L’attuale Commissione Europea ha stralciato dal  nuovo programma di lavoro il cosiddetto pacchetto “Aria Pulita” che era stato presentato il 18 Dicembre scorso dalla Commissione Europea e sul quale il Consiglio Europeo aveva già iniziato a lavorare da Luglio.

Allo scopo di denunciare la situazione, l’EEB ha inviato una lettera pubblicaal Presidente Juncker e al Vicepresidente Timmermans. La lettera, firmata da a oltre 40 associazioni ambientaliste di tutta Europa, tra cui Genitori Antismog, segnala alla Commissione Europea quale grave errore rappresenterebbe l’eliminazione del ‘Pacchetto Aria’ dai temi del programma Juncker.

Come Associazione insieme ad altre associazioni ambientaliste italiane abbiamo inoltre inviato una letteraal Premier Renzi, al ministro dell’ambiente Gian Luca Galletti, al ministro della salute Beatrice Lorenzin, e ai presidenti di Camera e Senato, perché l’Italia  dovrebbe a nostro avviso rispondere in modo forte e autorevole al tentativo della Commissione di eliminare questo tema fondamentale per la protezione della salute dei cittadini dall’ambito di attività legislativa dell’Unione Europea, ristabilendone altresì i corretti ambiti di iniziativa. (vedi il comunicato stampa e rassegna stampa)

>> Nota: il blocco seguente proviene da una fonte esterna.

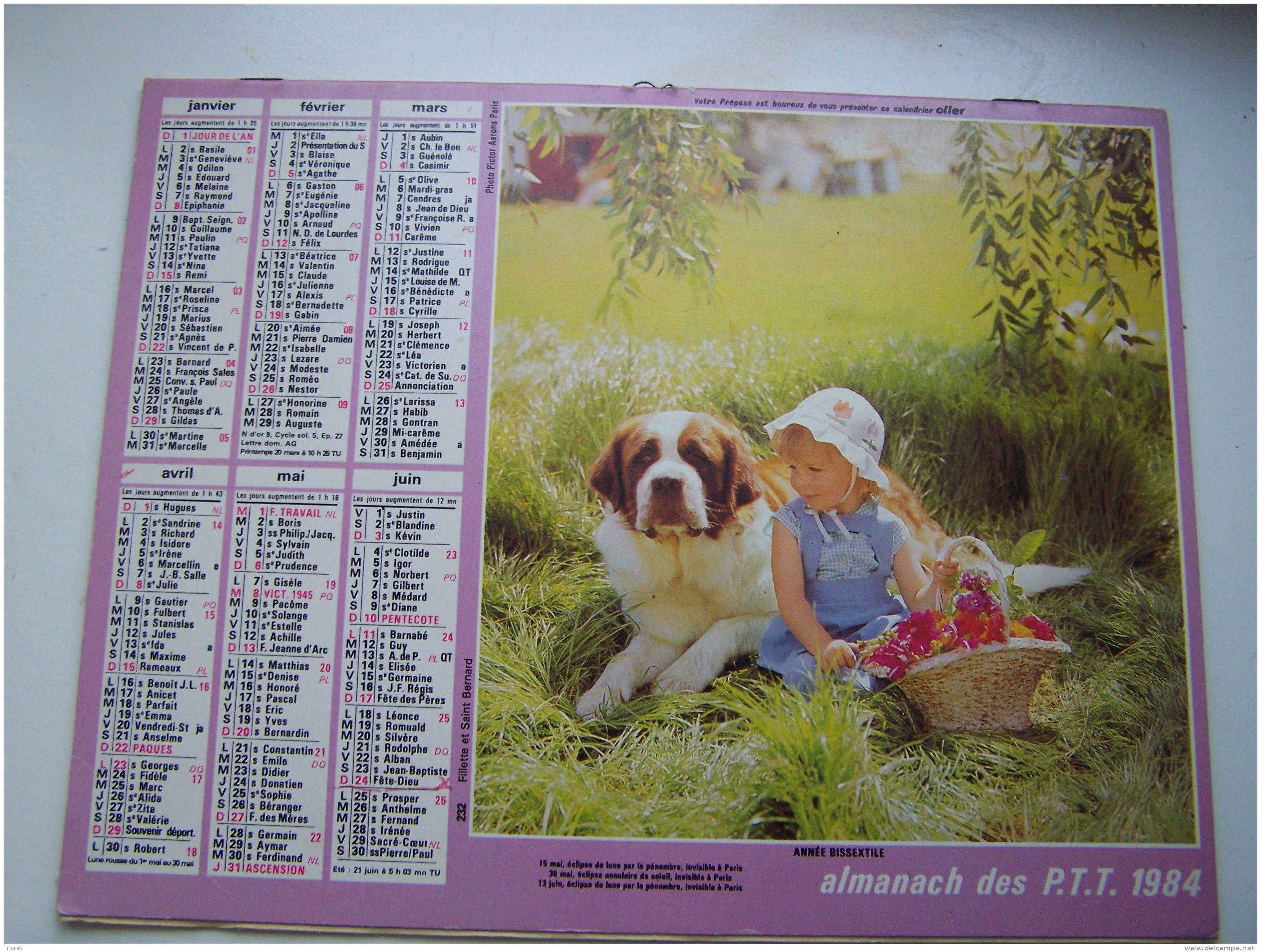 Almanach Des P.T.T. 1984 - Vosges N°88 - Fillette âne - Saint Bernard  - OLLER - Carte Géographique - Small : 1981-90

L’eliminazione di questo ambito di azione dal programma di lavoro comporterebbe la rinuncia ad un pacchetto legislativo (comprendente la direttiva sui limiti nazionali alle emissioni, oltre ad altre decisive proposte legislative) cruciale per ridurre lo spaventoso bilancio sanitario dell’inquinamento atmosferico in Europa, costituito da 400.000 morti premature all’anno ed il protrarsi in Europa dei costi esterni collegati all’impatto sanitario dell’inquinamento dell’aria calcolato, a livello Europeo, in 330-940 miliardi €/anno (Comunicato Stampa Commissione UE 18.12.2013).